For more information about the Democracy Matters project visit http://citizensassembly.co.uk/home-page/about/

 

Nov 14, 2016

The newDemocracy Foundation is a is an independent, non-partisan research organisation here is Australia that aims to identify improvements to our democratic process with a focus on promoting deliberative mini-publics as a key democratic reform.

Iain Walker is the Executive Director of the newDemocracy Foundation and has designed and managed over twenty deliberative mini-publics for local and State Governments in Australia. 

Iain explains the approach newDemocracy Foundation takes to the design of deliberative mini-publics generally and also sets out the example of the Melbourne People's Panel a 43 person deliberative mini-public, involving both residents and businesses, which advised the City of Melbourne Council on their 10-year budget. 

The newDemocracy Foundation makes all of their deliberative mini-public designs public on their website and recently designed and managed one of the largest citizens' juries in Australia, the South Australian Nuclear Citizens' Jury. 

Nov 6, 2016

Peter MacLeod is the CEO and Founder of MASS LBP, a Canadian consultancy focused on democratic innovation and public strategy. 

Since 2007, MASS has led some of the country's most original and ambitious efforts to engage citizens in tackling tough policy choices while pioneering the use of Civic Lotteries and Reference Panels on behalf of forward-thinking governments.

MASS LBP has conducted twenty-five major reference panels, citizens assemblies and commissions for government involving more than 1000 Canadians and reaching 250,000 households. Cumulatively, this represents some 30,000 hours of deliberation on significant public issues, making MASS an internationally-recognized and unparalleled leader in the design and delivery of deliberative processes for government.

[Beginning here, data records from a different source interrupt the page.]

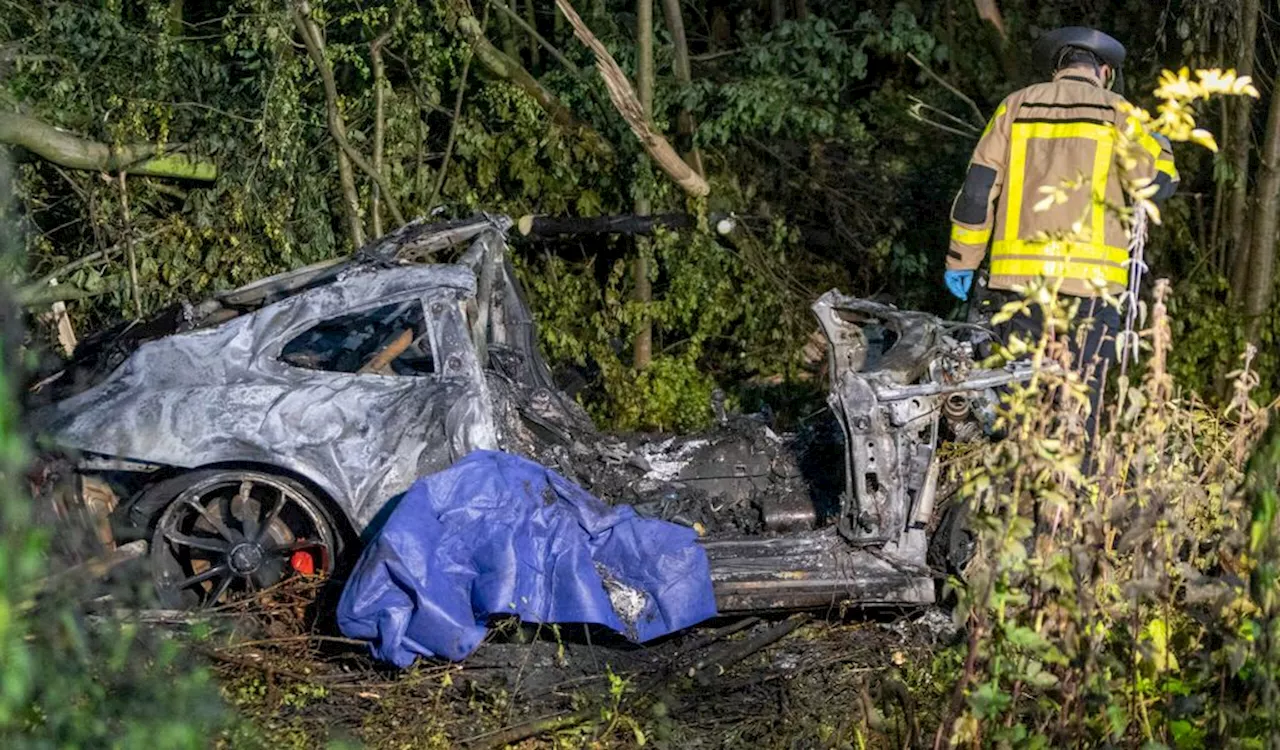 Illegales Autorennen? Vater und Sohn verbrennen in Porsche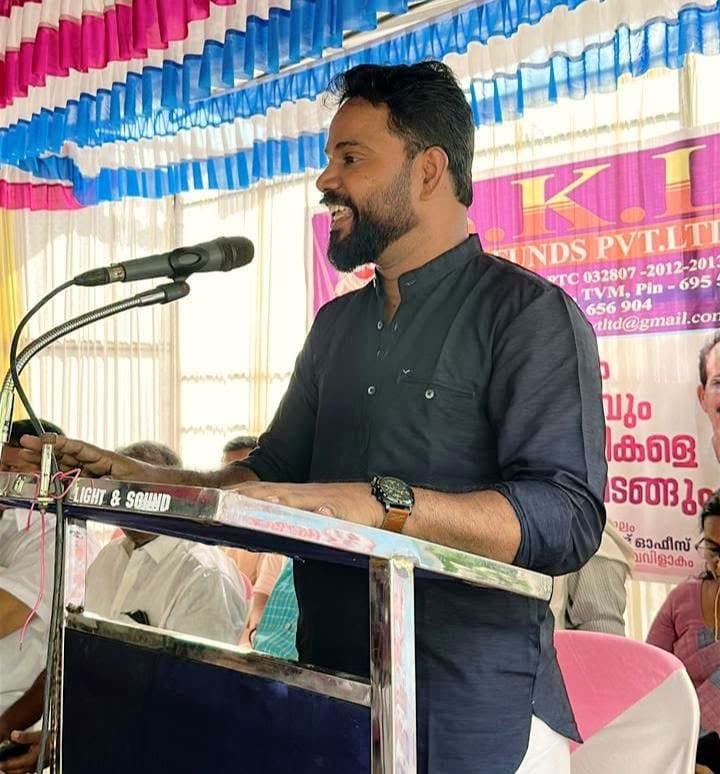 ജ്യേഷ്ഠ സഹോദരൻ മഞ്ചവിളാകം കാർത്തികേയന്റെ SKL ചിട്ടി ഫണ്ടിന്റെ 41-ാം വാർഷിക ആഘോഷത്തിൽ പങ്കുചേർന്നു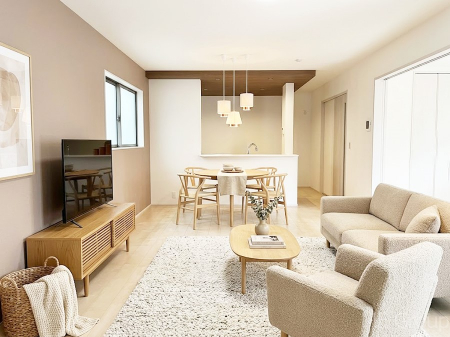 ���r���O�@�������������͋C�̂k�c�j�͉Ƒ��݂�Ȃ̉��K��ԁ��Ƌ��CG�ł�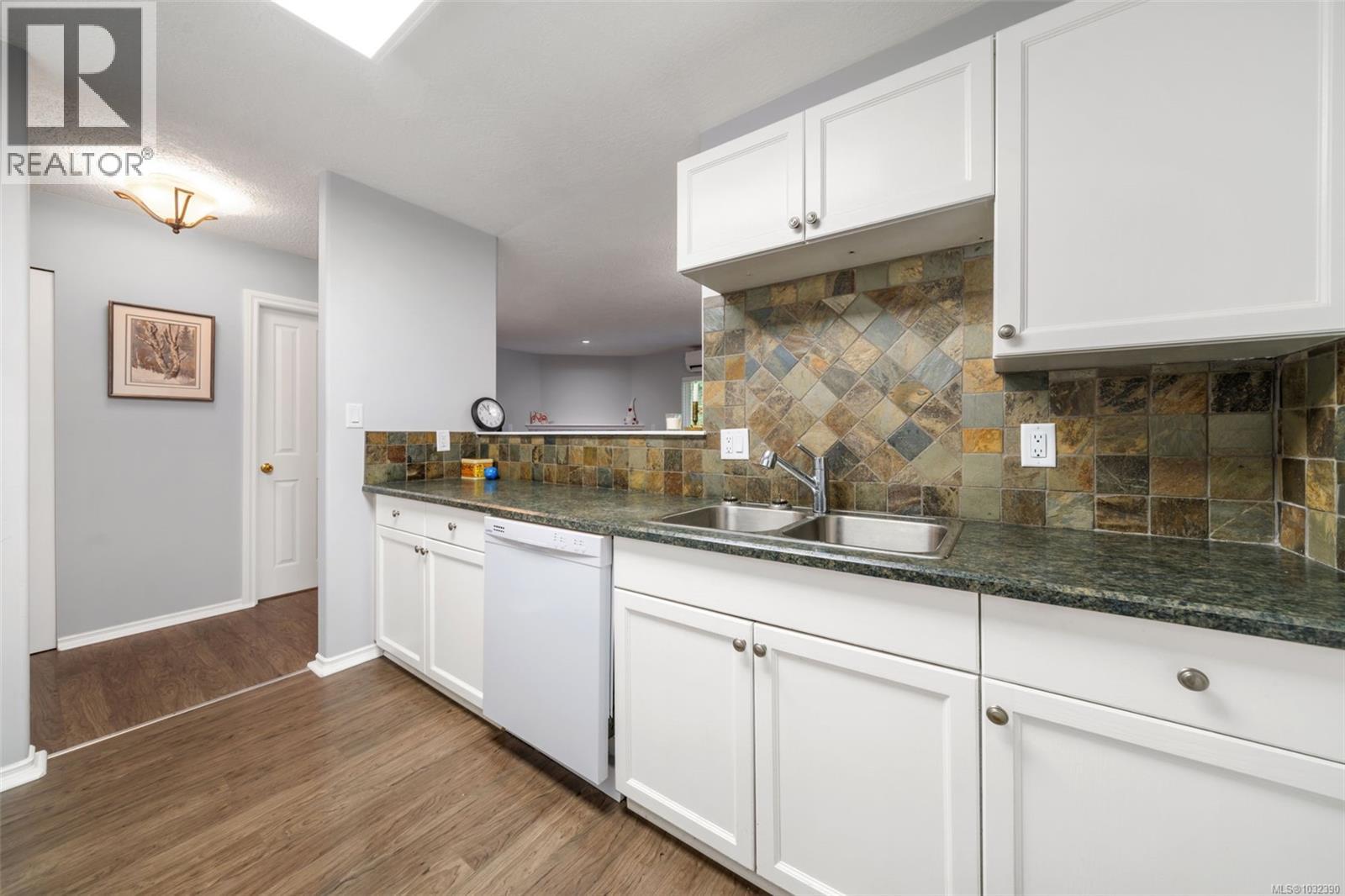 8 300 Grosskleg Way, Lake Cowichan, British Columbia  V0R 2G0 - Photo 15 - 1032390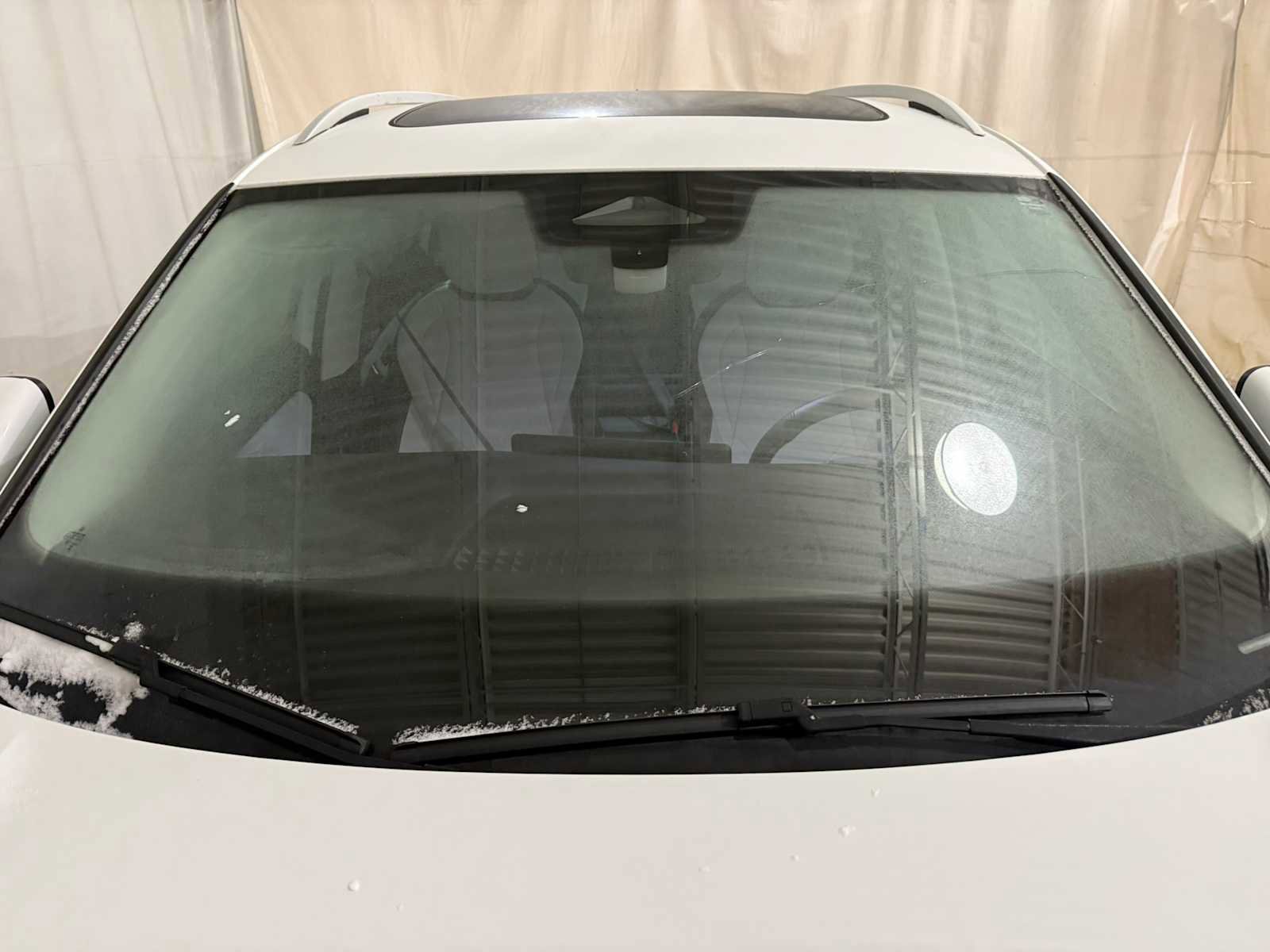 Certified 2025 Volkswagen Tiguan SE w/ Panoramic Sunroof Package image 14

Peter lays out how MASS approach the design of the reference panels they conduct including how they explain the purpose of these processes, how the invitations are designed and the size of the groups. 

He also takes us through a couple of processes they have conducted from the Residents’ Panel to Review the Condominium Act a multi-year process to update this piece of legislation to a hyper-local issue with Grandview-Woodland Community Plan Citizens’ Assembly.

And in case you were wondering LBP stands for Lead By People.